Schirrmacher warnt nicht nur vor einer digitalen Informationsüberladung sondern vor einem existenziellen Wandel, »an dessen Ende der Verlust des freien Willens stehen könnte«. Er äußert die Befürchtung, dass das Internet in einer nächsten Entwicklungsstufe uns den »Prozess des Abwägens und Gewichtens möglicherweise vollends aus der Hand« nimmt, dass wir also das, was wir wollen und was aus unseren Gedanken folgt, an die Maschine delegieren. Der FAZ-Herausgeber und Feuilletonist stellt fest, dass der Computer großartige Verbindungen zu anderen Menschen aufbaut, »der Preis dafür ist aber ein gestörtes Verhältnis zu uns selbst«. Im Buch wird unter anderem Katie Hafner zitiert, die in der New York Times von einer »sonderbaren Abkopplung von sich« schrieb. »Aufmerksamkeit, Zeit und Konzentration reichen nicht aus, die eigenen Äußerungen gleichermaßen innerlich zu verarbeiten«, so Hafner.
Wahl Wir haben die Wahl: Das Internet ist gut und schlecht. Es hängt von uns ab. So wie es auch im Toraabschnitt der vergangenen Woche, »Ki Tawo«, deutlich wird: Wir haben einen freien Willen, wir können wählen. Gehorchen wir »der Stimme des Ewigen«, wird es uns gut gehen, wenn nicht, »kommen all diese Flüche« über uns. Und in eben diesem Abschnitt (5. Buch Moses 27,8) fordert Mosche vom Volk Israel: »Und schreibe auf die Steine alle Worte dieser Lehre«. Die Steine von heute sind unsere Smartphones, Laptops, Netbooks oder iPads. Wir sollten uns von Zeit zu Zeit daran erinnern, sie in diesem Sinne zu nutzen.

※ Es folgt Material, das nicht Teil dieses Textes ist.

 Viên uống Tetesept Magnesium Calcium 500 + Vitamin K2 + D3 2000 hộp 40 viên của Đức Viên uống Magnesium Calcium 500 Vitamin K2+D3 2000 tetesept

Und wir sollten uns zur »Aufmerksamkeit und Konzentration« zwingen, uns die Zeit nicht nehmen lassen. Die Tage der Teschuwa sind eine gute Gelegenheit, darüber nachzudenken. Wir sollten uns umprogrammieren, wenn wir mit dem Internet und den digitalen Technologien ein Problem haben.
Und wer dazu den Weckruf des Schofars braucht, und es nicht bis in die Synagoge schafft: Es gibt zahlreiche Webseiten (wie zum Beispiel: www.jewishmag.com/71mag/shofar/shofar.mp3), auf denen die Töne des Widderhorns zu hören sind. Schana Towa!